Going to the top of Penang Hill is one of those things you just have to do when you go to Penang. Like the Empire State Building is to New York City, or the Eiffel Tower is to Paris, Penang Hill is Penang’s must-see tourist attraction.

Also known as Bukit Bendera, Penang Hill is a popular attraction for locals and tourists alike to escape the heat of the city and take in the panoramic views.

To get to Penang Hill, we took the public bus from Komtar Sentral. The bus ride cost RM 2 and took about 40 minutes from Prangin Mall in George Town.


The bus dropped us off right in front of the entrance to the Penang Hill cable car. Ticket counters segregate Malaysians and Non-Malaysians. Unfortunately the prices are also segregated. A roundtrip ticket for foreigners costs RM 30, three times the Malaysian ticket price. There is also a fast-lane option available for RM 60.

Figuring we were in no hurry, we opted for the normal ticket price. In hindsight, we should have seriously considered the fast-lane option.

With our tickets in hand, we first entered a stuffy where we waited like cattle waiting for the slaughter. The room is actually the overflow room, because we were then corralled into lines reminiscent of the airport security line. At least it was in a covered area outside that allowed for a slight breeze.

After waiting more than an hour, we finally made it to the funicular train car. Part of the reason why the wait is so long is because there are only two trains: one going up and one going down. The cars are on a single cable and act as counterweights to bring the train car up or down.

The other part of the reason why the wait was so long was because it was a Saturday. And also a holiday weekend.

Trains run every 15 minutes during peak times, and otherwise every 30 minutes. Each train fits about 80 passengers each. It felt like we were waiting to get on a ride at Disneyland.

How many in your party? Two? Okay you two can come in.

We squeezed into a packed car fitted with a few benches but for most of us it was standing room only.

The ride whizzed us through the jungle before arriving at the upper station, 735 meters above sea level. Along the way, we passed intermediate stations that serve the 1,000 or so people living on the hill.


Once at the top we were rewarded with a spectacular view of Penang below. It was hazy when we visited but we could still see the sea and city below. Several scenic viewpoints are marked with a sign picturing the Penang landscape and landmarks. Timing a visit around sunset could be a romantic and photo-worthy option.


There are several activities at the top of the hill. Some are more touristy, like taking a photo with exotic animals or attaching a love lock to the fence. A recently opened owl museum contains owl-related artwork and crafts. There is also the Penang Toy Museum Heritage Garden, which displays 120,000 toys and 110 life-size figures of movie, comic and video game characters.
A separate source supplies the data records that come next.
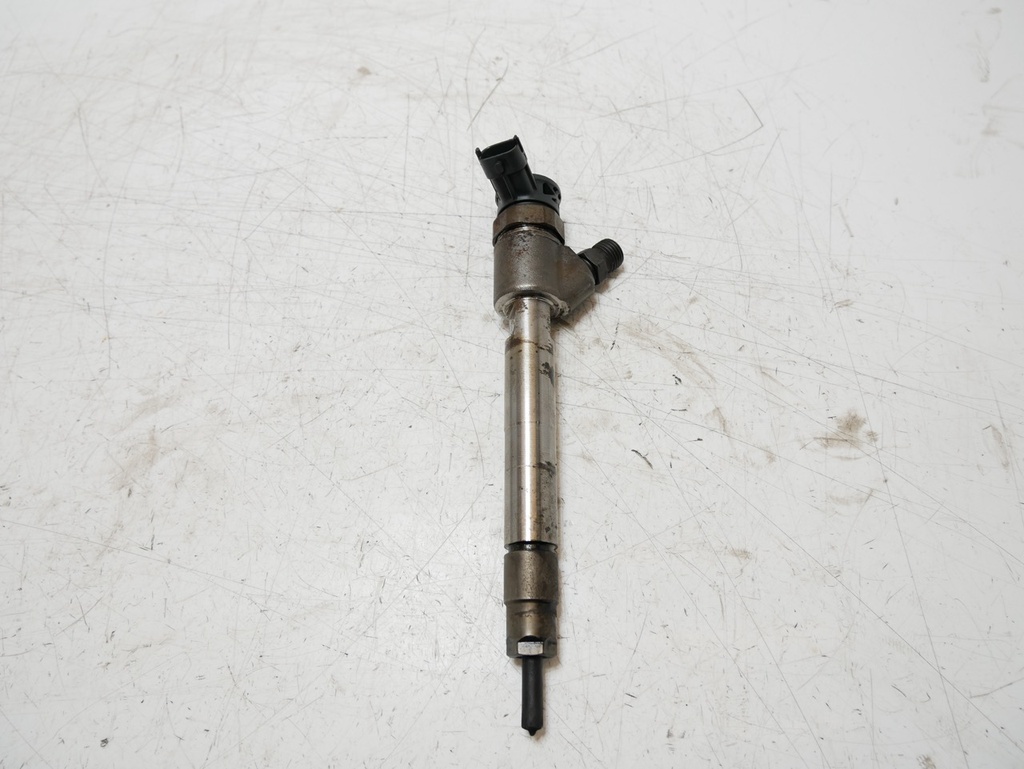 [MTD-463261] Inyector Peugeot 1.5 BlueHDI YHZ 9828959880 0445110955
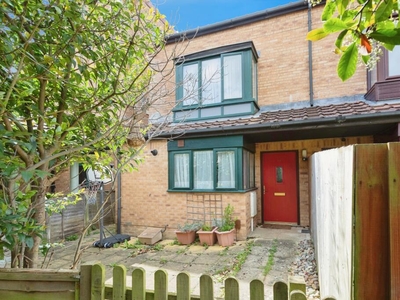 3 bedroom semi-detached house for sale in Nicholson Grove, Grange Farm, Milton Keynes, Buckinghamshire, MK8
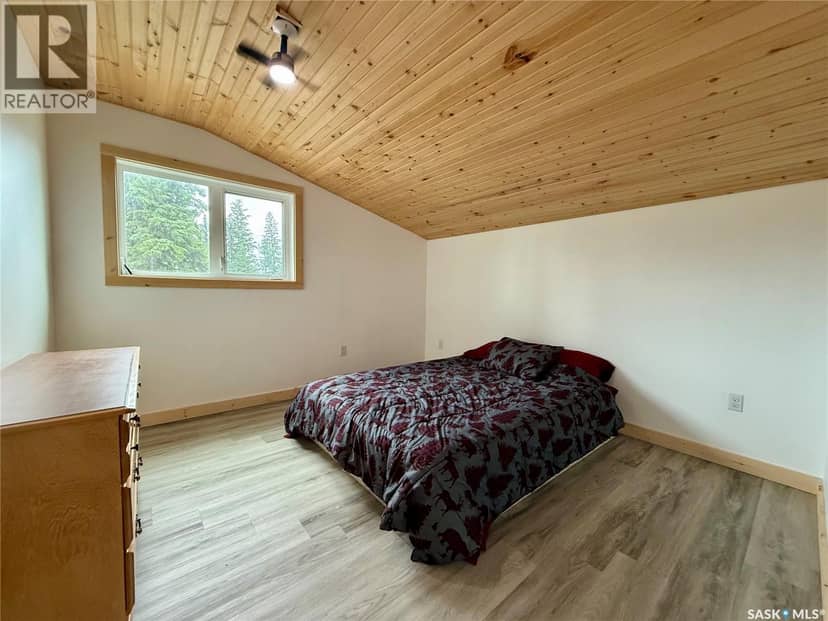 3 White Spruce CRESCENT — photo 13 of 40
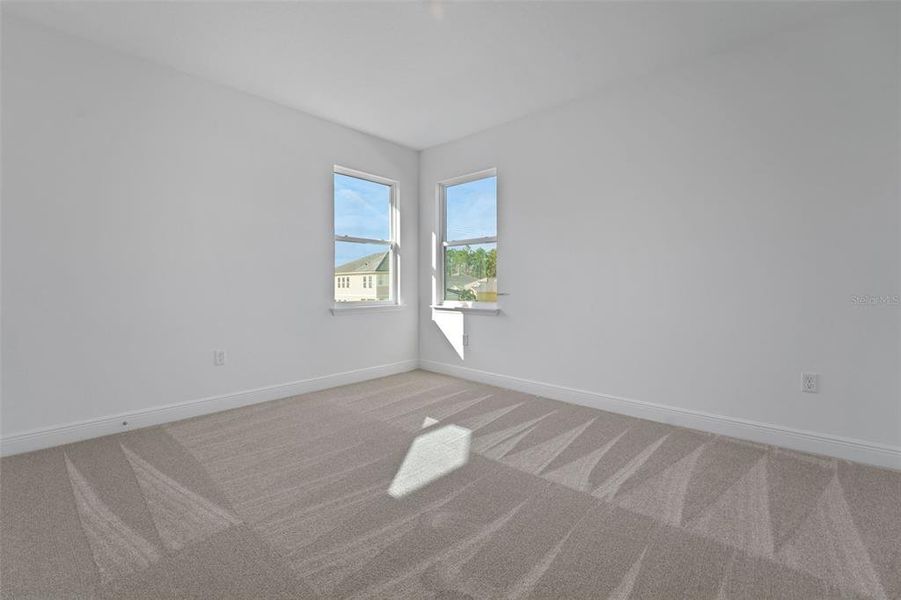 Spacious, unfurnished interior of a new home in Palms at Windermere, Windermere (Image 33).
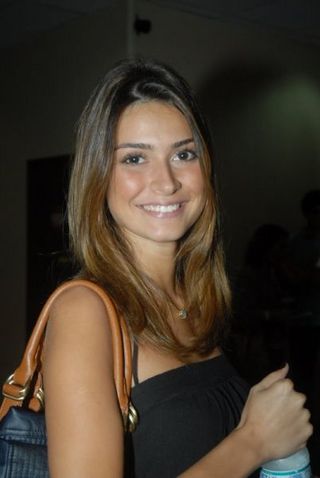 Thaila Ayala critica o uso de casacos de pele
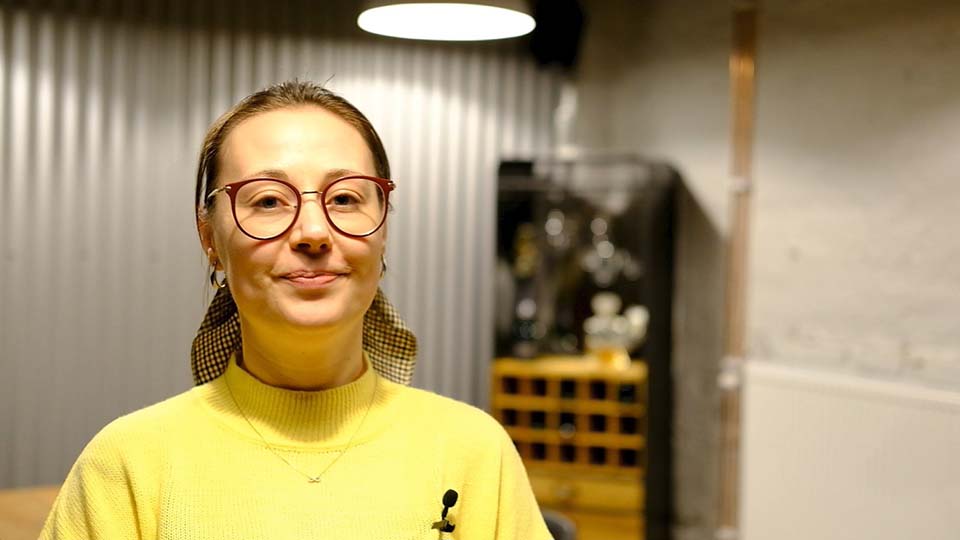 Startbild film: Valentina Botnazu Sisman från Atomate Software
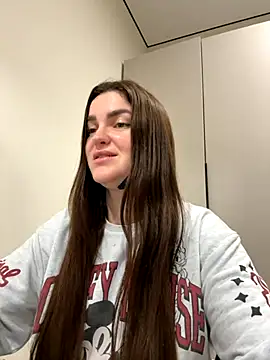 Karolina llove online show from 12.03.25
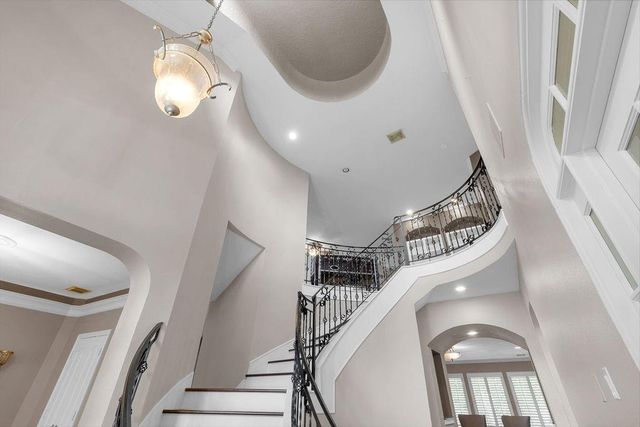 22118 Oakcreek Hollow Lane, Katy, TX 77450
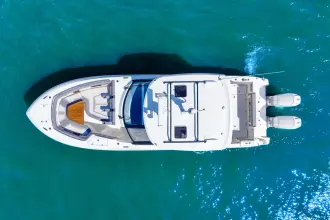 Thumbnail von Boston Whaler 380 Realm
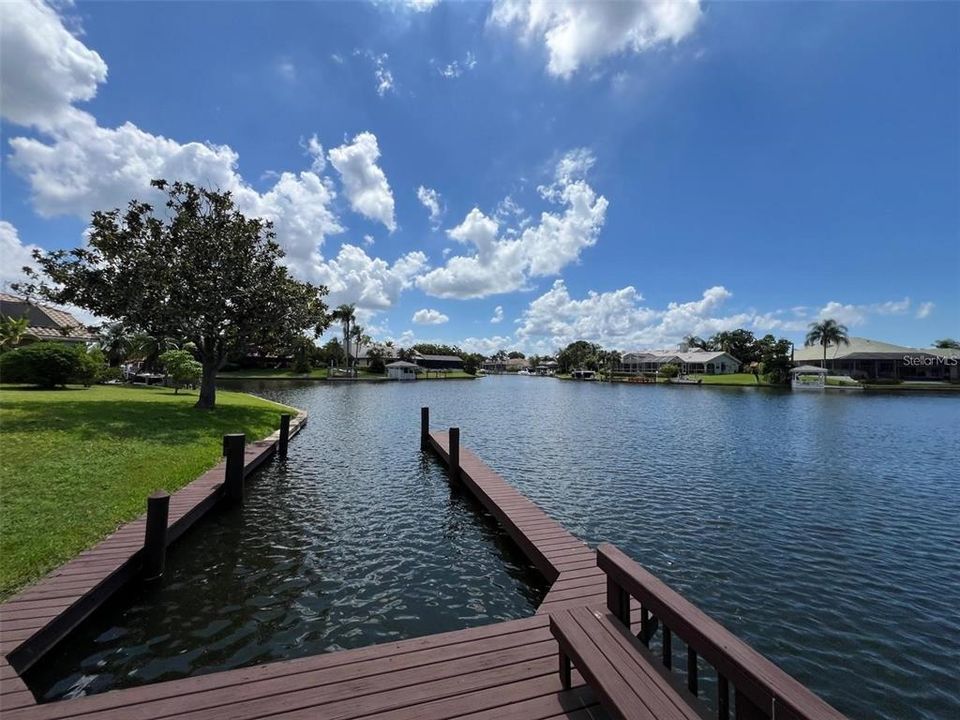 En Venta: $1,219,900 (3 camas, 2 baños, 2302 Pies cuadrados)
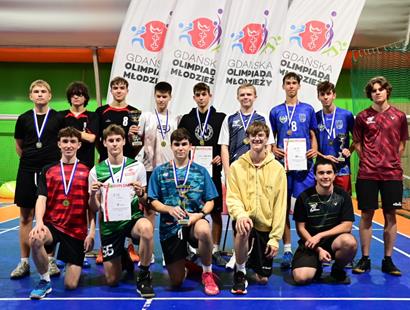 Podwójne złoto dla Szkoły Gortata w drużynowym badmintonie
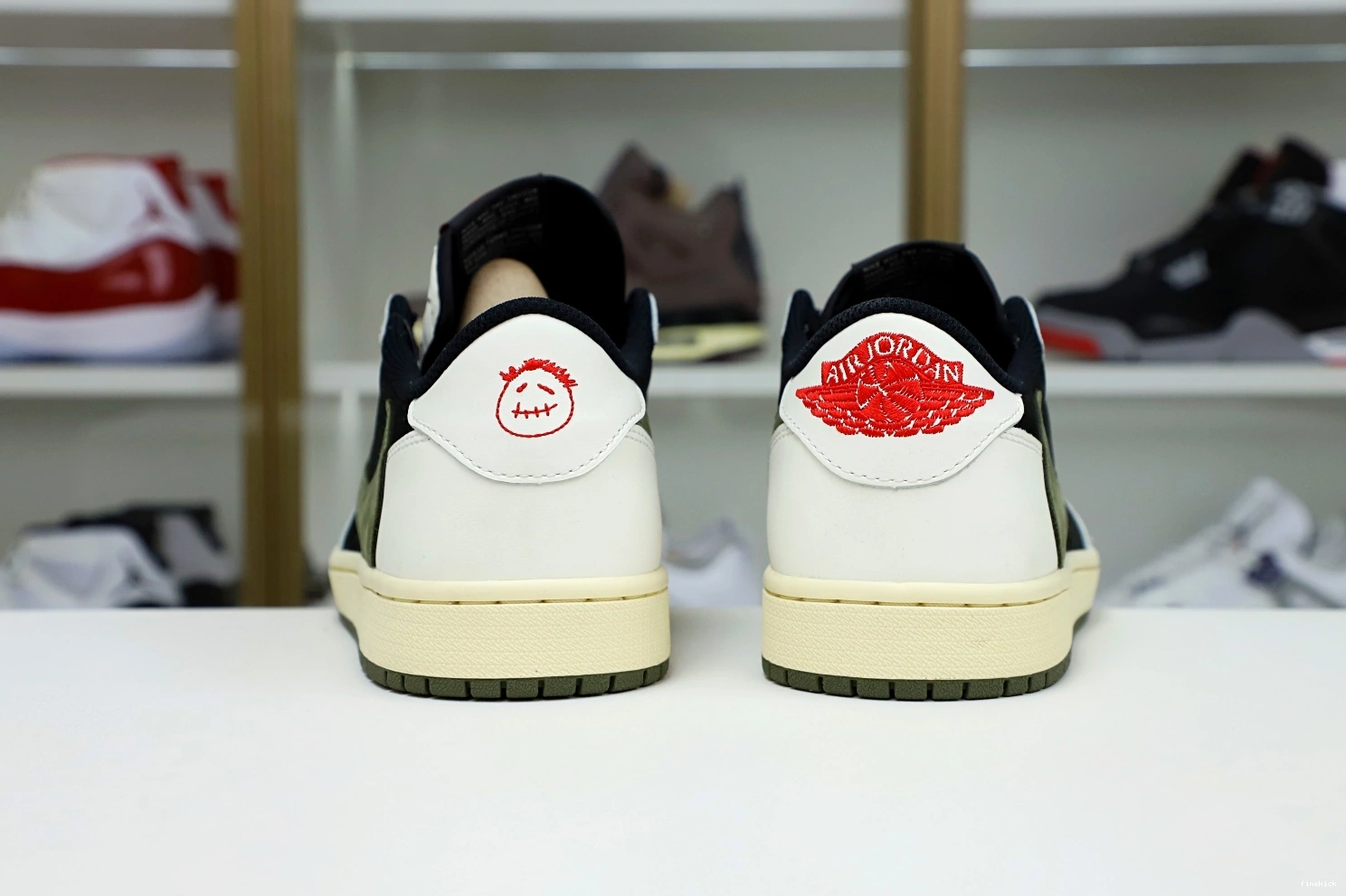 1 LOW NIKE TRAVIS X OG AIR “Olive” SCOTT JORDAN 0306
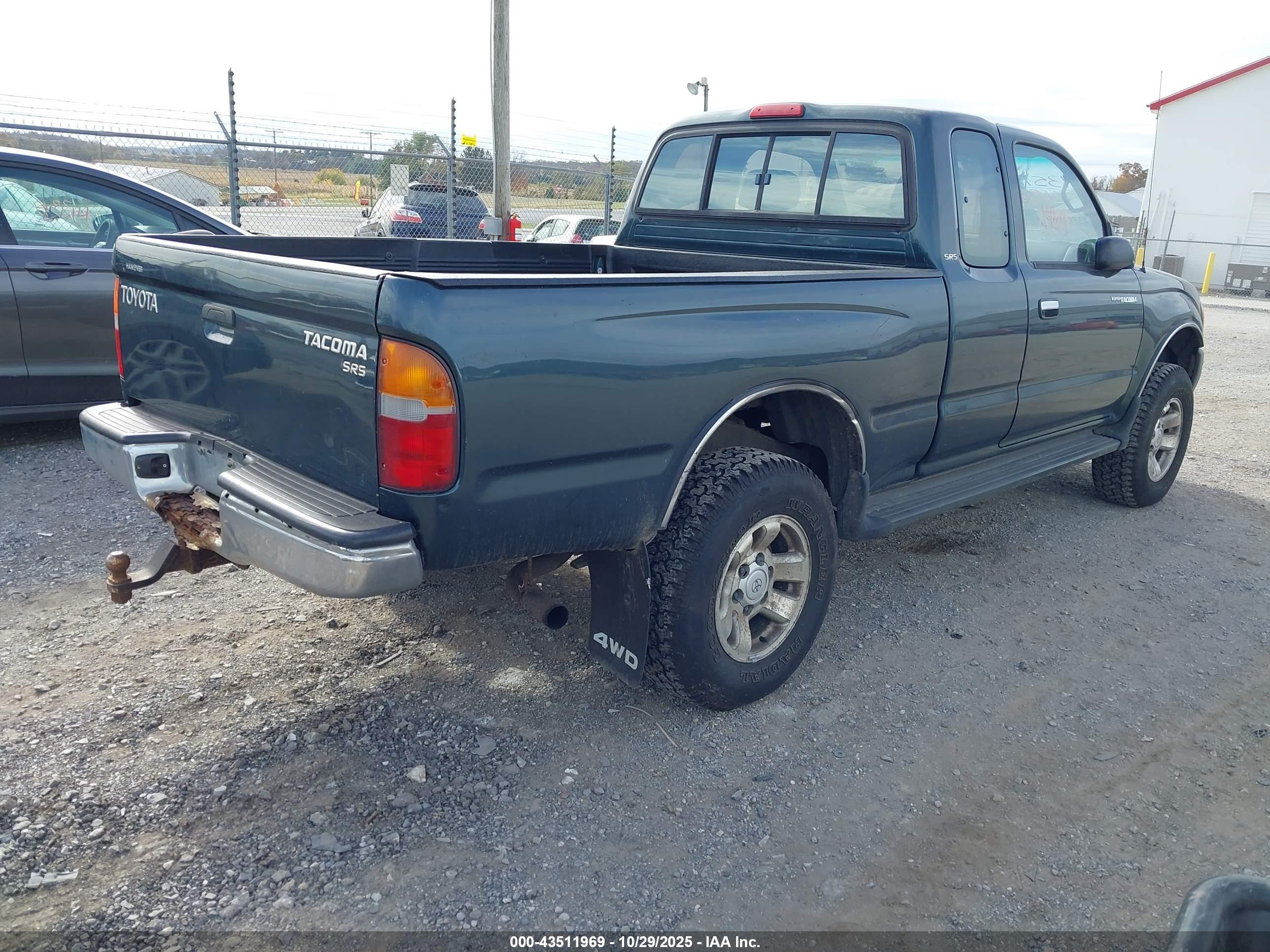 TOYOTA TACOMA image 4
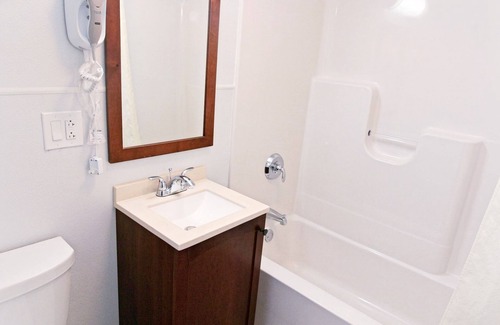 Brunswick Hotel | Moonlight Inn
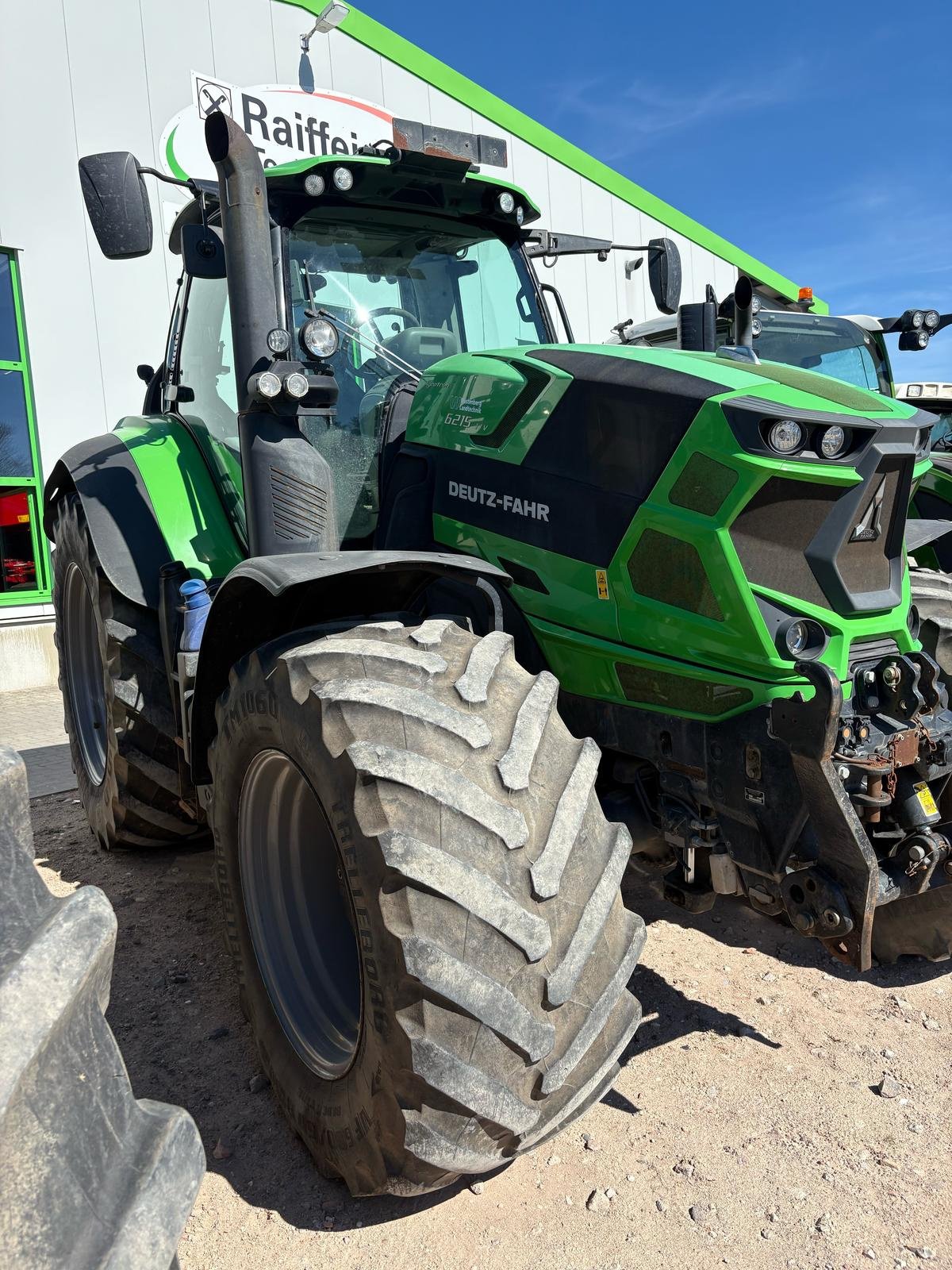 Traktor des Typs Deutz-Fahr Deutz 6215 TTV, Gebrauchtmaschine in Lohe-Rickelshof (Bild 3)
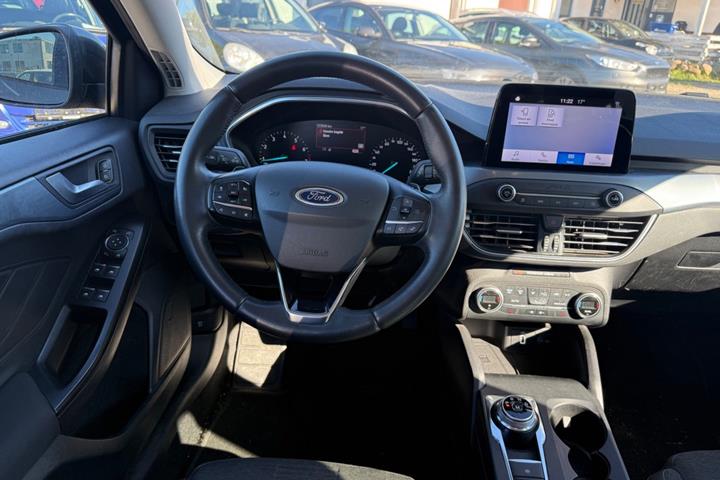 Grå Ford Focus fra 2019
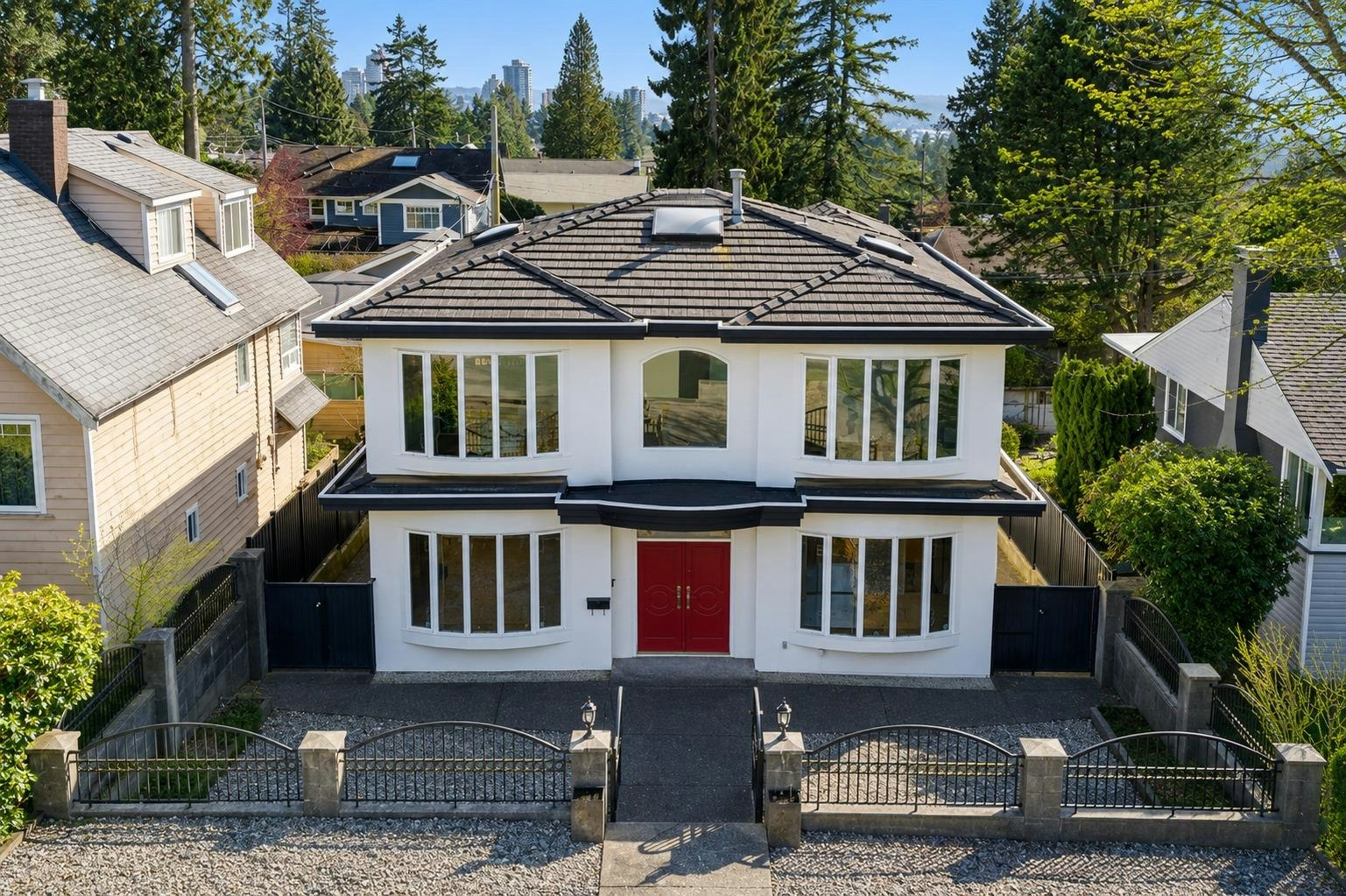 213 W 28th Street, North Vancouver, BC, V7N 2H9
For a less touristy option, we walked a little further up to check out the mosque and Hindu temple. Both the mosque and the temple are in active use, but visitors are welcome.


Behind the mosque is a brick gatehouse with an arched entrance that leads to the entrance of a government bungalow called Bel Retiro. It was built in the early 19th century as a resort for high-ranking government officials and visiting dignitaries. The bungalow itself is closed to the public but the gatehouse is free to explore.


A beautiful hotel at the peak of the hill was used as a filming location for the award-winning 1992 French film, Indochine.

There is a food court at the top of the hill, where we searched in vain for a pirouli. While there were no freezer pops to be found, there was a giant mango ice cream that looked quite tasty. The food court mostly sells Malaysian food but also a few Western options. Outside, food carts line the pathway selling snacks and sweets like the popular coconut ice cream.

After about two hours exploring the top of Penang Hill, we returned to the upper hill trains station to ride back down. Luckily the wait time to go down was much less than the wait time to go up.

Seeing the views from the top of Penang Hill is definitely a unique experience to do when visiting Penang. But prepare for a long wait to board the cable car. If you can muster up the will to hike 5 km from the Botanical Gardens, or the cash to take a taxi, it may be a more comfortable alternative to reach the top of Penang Hill.